___ Exercise data ___

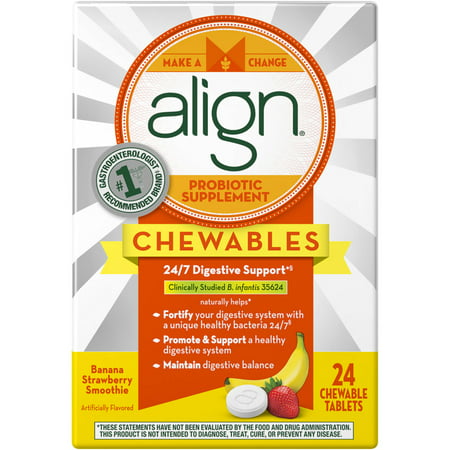Align Chewables, Daily Probiotic Supplement for Digestive Health, Banana Strawberry Flavor, 24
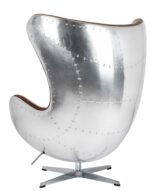 Fotel EGG AVIATOR PU brązowy - ekoskóra,  metal - obrazek 3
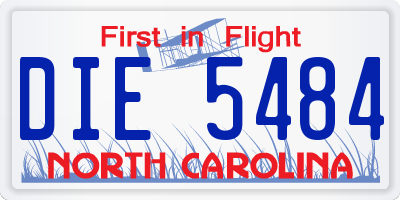 NC license plate DIE5484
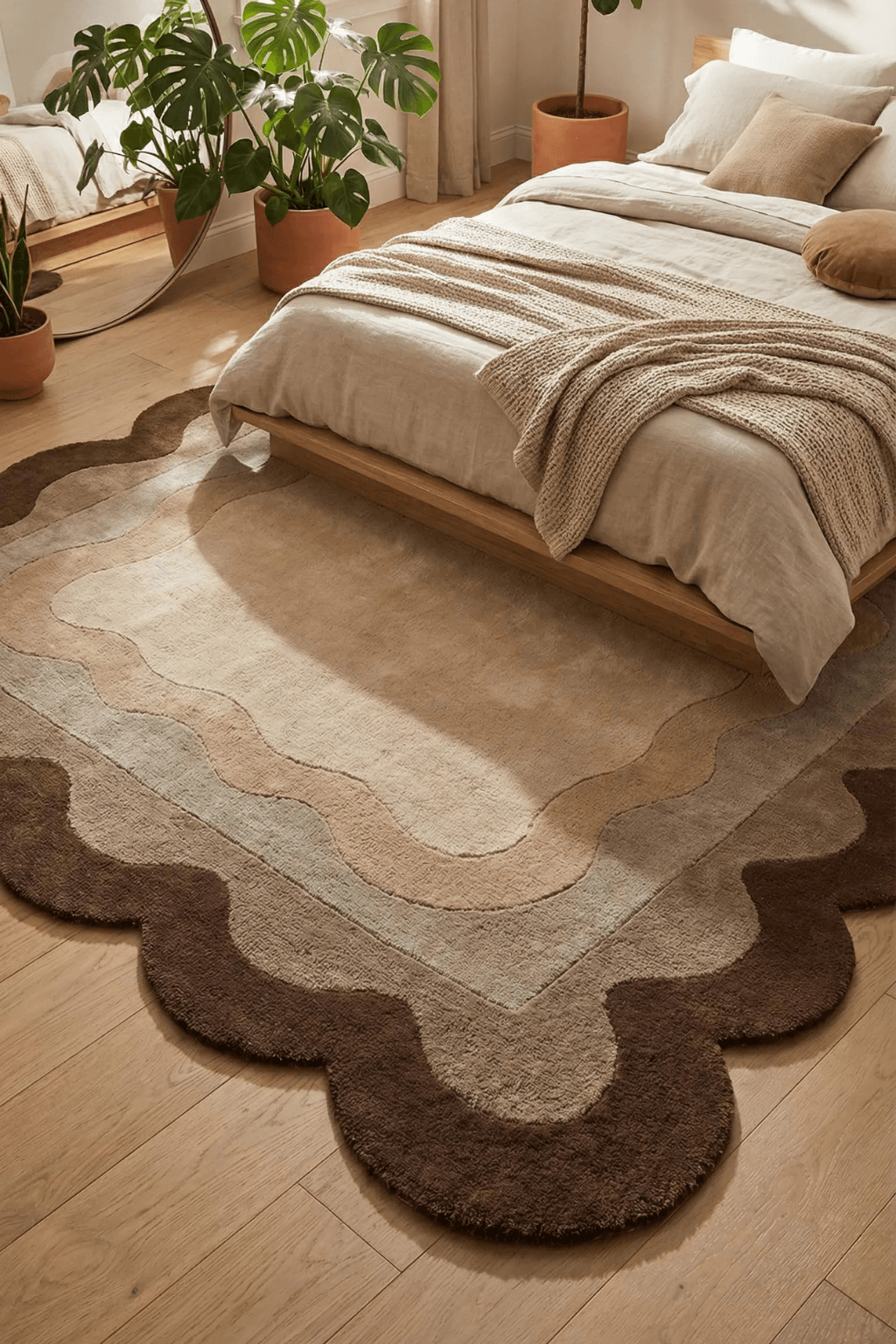 Cocoa scallop area rug in a modern bedroom with a cozy bed and plants.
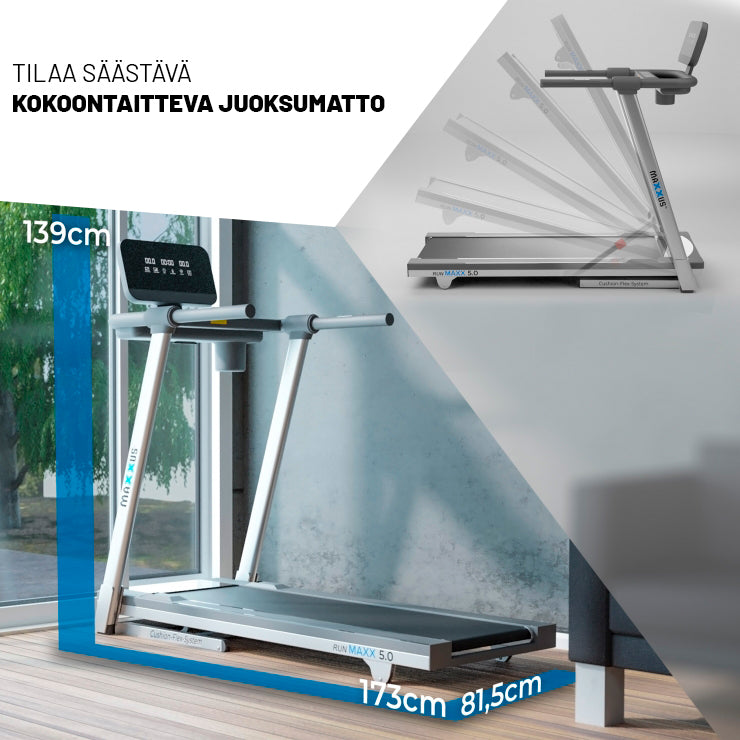 MAXXUS Juoksumatto RunMaxx 5.0 Kokoontaitettava LCD-Näyttö Max. 120kg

___

### Work task
Excluding every picture, set down the listing exactly.

### Final answer
Align Chewables, Daily Probiotic Supplement for Digestive Health, Banana Strawberry Flavor, 24
 Fotel EGG AVIATOR PU brązowy - ekoskóra,  metal - obrazek 3
 NC license plate DIE5484
 Cocoa scallop area rug in a modern bedroom with a cozy bed and plants.
 MAXXUS Juoksumatto RunMaxx 5.0 Kokoontaitettava LCD-Näyttö Max. 120kg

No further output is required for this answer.